Abdel Fattah Younes, l’ex-ministro degli interni passato dalla parte degli insorti dopo una vita al fianco di Gheddafi, ha detto, in un’intervista a al-Jazeera del primo marzo, che l’ipotesi «di ricevere truppe straniere o accettare basi militari sul suolo libico è fuori questione», però se Gheddafi e i suoi «non fermano i massacri», gli insorti sono «fermamente convinti che debbano essere lanciati dei raid aerei», a patto che – ma questo ha tutta l’aria di una foglia di fico – «nessun bombardiere atterri in territorio libico».

Il 2 marzo, sempre al-Jazeera scriveva che il Consiglio nazionale di Bengasi «ha lanciato un appello per dei raid aerei sponsorizzati dall’Onu sui mercenari stranieri usati da Gheddafi contro il suo stesso popolo». Mercenari di cui si parla molto ma di cui si vede poco e si sa ancor meno. Hafiz Ghoga, portavoce del Consiglio nazionale, così motivava l’appello: «i mercenari africani» impiegati da Gheddafi nelle città libiche «configurano un’invasione del paese». Quindi…

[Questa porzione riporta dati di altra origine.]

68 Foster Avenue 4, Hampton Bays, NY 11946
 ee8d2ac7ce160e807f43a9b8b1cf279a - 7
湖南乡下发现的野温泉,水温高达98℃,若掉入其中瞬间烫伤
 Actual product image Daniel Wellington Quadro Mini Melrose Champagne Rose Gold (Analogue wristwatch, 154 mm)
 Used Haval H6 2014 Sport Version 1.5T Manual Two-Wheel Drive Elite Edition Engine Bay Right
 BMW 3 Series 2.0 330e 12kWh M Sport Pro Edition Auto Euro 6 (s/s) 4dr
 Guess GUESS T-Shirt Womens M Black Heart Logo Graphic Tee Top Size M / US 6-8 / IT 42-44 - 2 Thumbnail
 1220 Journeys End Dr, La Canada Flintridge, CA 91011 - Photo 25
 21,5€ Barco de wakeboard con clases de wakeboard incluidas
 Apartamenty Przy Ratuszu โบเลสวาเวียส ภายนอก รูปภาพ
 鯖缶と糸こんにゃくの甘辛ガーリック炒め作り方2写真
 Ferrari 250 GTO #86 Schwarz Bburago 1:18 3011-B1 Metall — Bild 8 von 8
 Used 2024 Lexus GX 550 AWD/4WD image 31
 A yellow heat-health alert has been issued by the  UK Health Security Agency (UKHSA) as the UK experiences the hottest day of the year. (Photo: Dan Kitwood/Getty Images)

Per uscire dalla impasse è probabile che questo tipo di appelli, nei prossimi giorni o settimane (o mesi?), si moltiplichino. E che trovino orecchie pronte ad ascoltarli. Qualche giorno fa il segretario di stato, Hillary Clinton, ha detto che l’amministrazione Obama «è pronta e preparata a offrire qualsiasi tipo di assistenza a chiunque desideri riceverla dagli Stati uniti».

Per ieri a Bengasi era annunciata la prima riunione del nuovo Consiglio nazionale degli insorti. Si vedrà presto se al suo interno prevarrà il no, il no però, il sì ma, il sì. E di quale tipo sarà l’aiuto fraterno assicurato dalla signora Clinton. Che sembra molto impegnata – in Libia, al contario che in Tunisia e Egitto – a gettare un altro po’ di benzina sul fuoco della guerra civile.